Al riguardo, si precisa come la prevalenza dell'investimento debba essere valutata in base alle indicazioni sulla politica di investimento contenute nel regolamento del fondo ovvero, nel caso in cui il regolamento preveda limiti di investimento variabili (come, ad esempio, nel caso dei fondi cosiddetti "bilanciati"), in funzione della media degli investimenti effettuati nel periodo di durata della garanzia.
Ciò posto, è necessario valutare, in particolare, se tale disciplina si applichi altresì ai proventi derivanti dalla partecipazione a fondi comuni di investimento di tipo immobiliare la cui politica di investimento è caratterizzata dal possesso "stabile" di partecipazioni azionarie e similari.
Al riguardo, occorre premettere che l'articolo 12-bis del Decreto Ministeriale 24 maggio 1999, n. 228, introdotto dall'articolo 7 del decreto del Ministero dell'Economia e delle Finanze del 31 gennaio 2003, n. 47, stabilisce che affinché un fondo possa definirsi "immobiliare" il patrimonio deve essere investito, in misura non inferiore ai due terzi del valore complessivo, in beni immobili, diritti reali immobiliari e partecipazioni in società immobiliari.
Tale percentuale è ridotta nella misura del 51 per cento qualora il patrimonio del fondo sia altresì investito, in misura non inferiore al 20 per cento del suo valore, in strumenti finanziari rappresentativi di operazioni di cartolarizzazione aventi ad oggetto beni immobili, diritti reali immobiliari o crediti garantiti da ipoteca immobiliare.

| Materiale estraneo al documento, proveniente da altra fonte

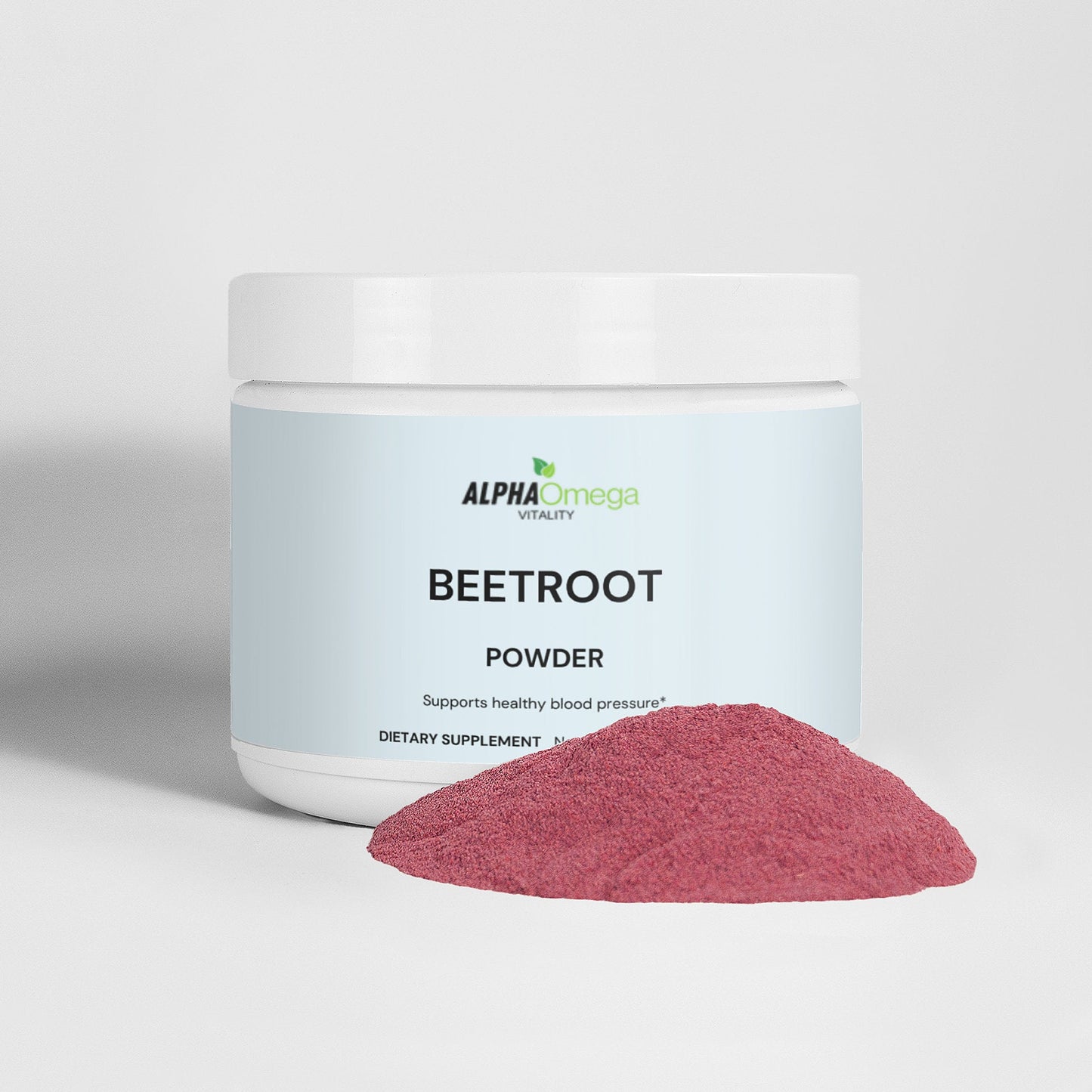 Beetroot Powder Supplement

I limiti di investimento sopra riportati, secondo quando previsto dal comma 2 del medesimo articolo 12-bis, devono essere raggiunti entro ventiquattro mesi dall'avvio dell'operatività del fondo.
Ciò premesso, tenuto conto che il patrimonio dei fondi comuni di investimento immobiliare è investito in misura prevalente in beni diversi da quelli individuati dall'articolo 7, comma 1, del più volte citato D.L. n. 323 del 1996 e che i proventi derivanti da tali investimenti rappresentano la remunerazione del capitale di rischio (con riferimento agli investimenti in partecipazioni azionarie) ovvero la remunerazione di un capitale non finanziario (con riferimento agli investimenti in beni immobili o diritti reali immobiliari), si ritiene che i predetti proventi siano esclusi dall'ambito di applicazione della disciplina in esame.
Si ritiene, inoltre, che detta esclusione operi anche nel caso in cui la garanzia sia prestata nei primi ventiquattro mesi dall'avvio dell'operatività del fondo, ovvero nel lasso temporale in cui il patrimonio del fondo, nella sua fase di iniziale formazione, non ha ancora raggiunto le percentuali minime di investimenti richiesti dalla normativa civilistica contenuta nell'articolo 12-bis del D.M. n. 228 del 1999.